◆ **Assigned task**:
Going through the material below, output exactly the lines from the one containing "Helio - sun" through the one containing "RK Instal Roman", and no pictures.

***** Supplied data *****

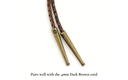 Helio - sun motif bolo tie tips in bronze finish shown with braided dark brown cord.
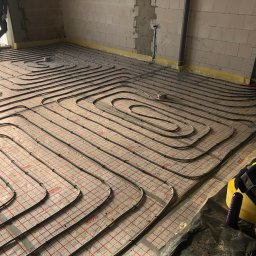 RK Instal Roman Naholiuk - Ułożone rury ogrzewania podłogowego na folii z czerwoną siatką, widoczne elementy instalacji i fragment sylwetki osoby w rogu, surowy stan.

*****
***** Supplied data *****

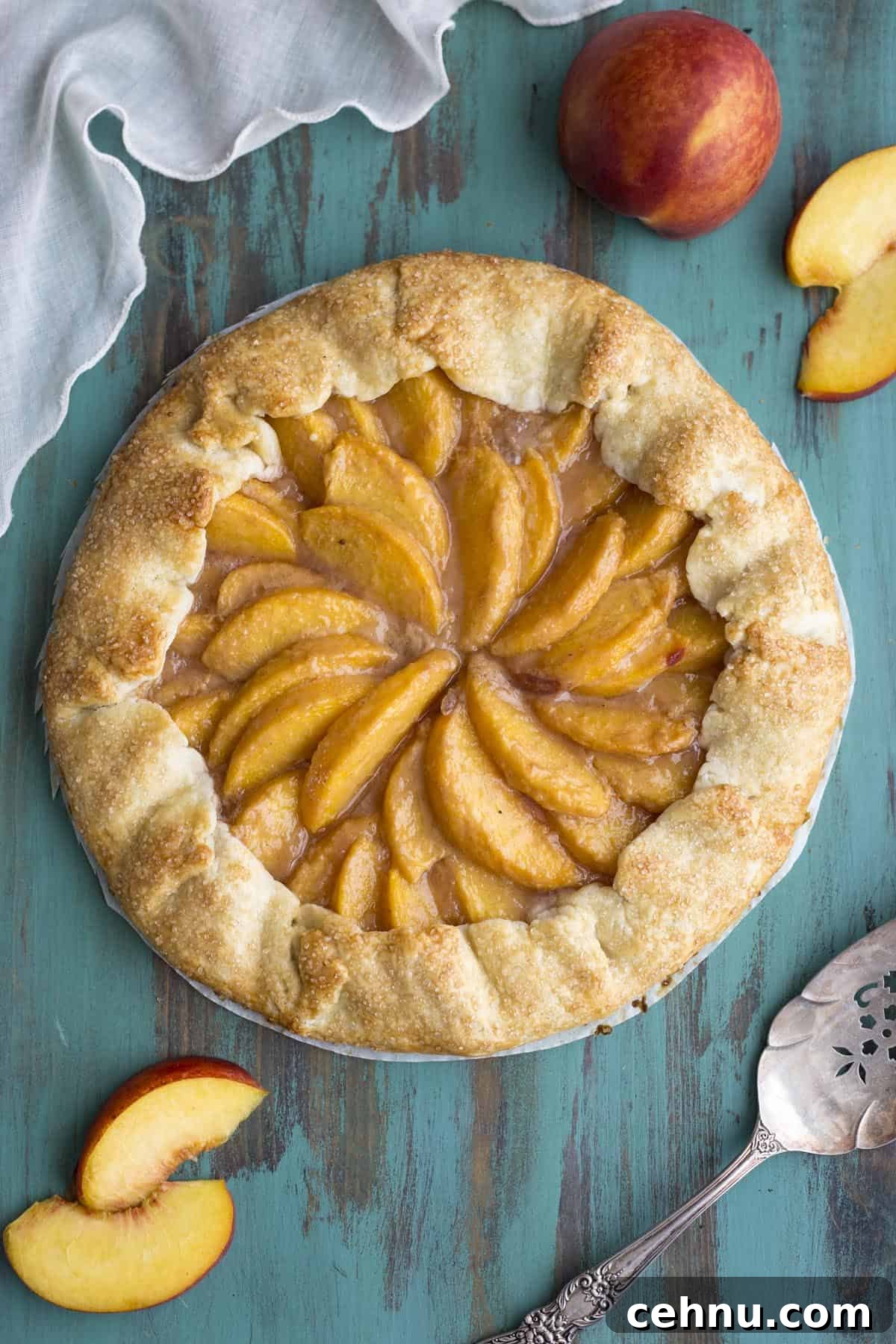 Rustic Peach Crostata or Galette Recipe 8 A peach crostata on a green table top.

*****

◆ **Completed exercise**:
 Helio - sun motif bolo tie tips in bronze finish shown with braided dark brown cord.
 RK Instal Roman Naholiuk - Ułożone rury ogrzewania podłogowego na folii z czerwoną siatką, widoczne elementy instalacji i fragment sylwetki osoby w rogu, surowy stan.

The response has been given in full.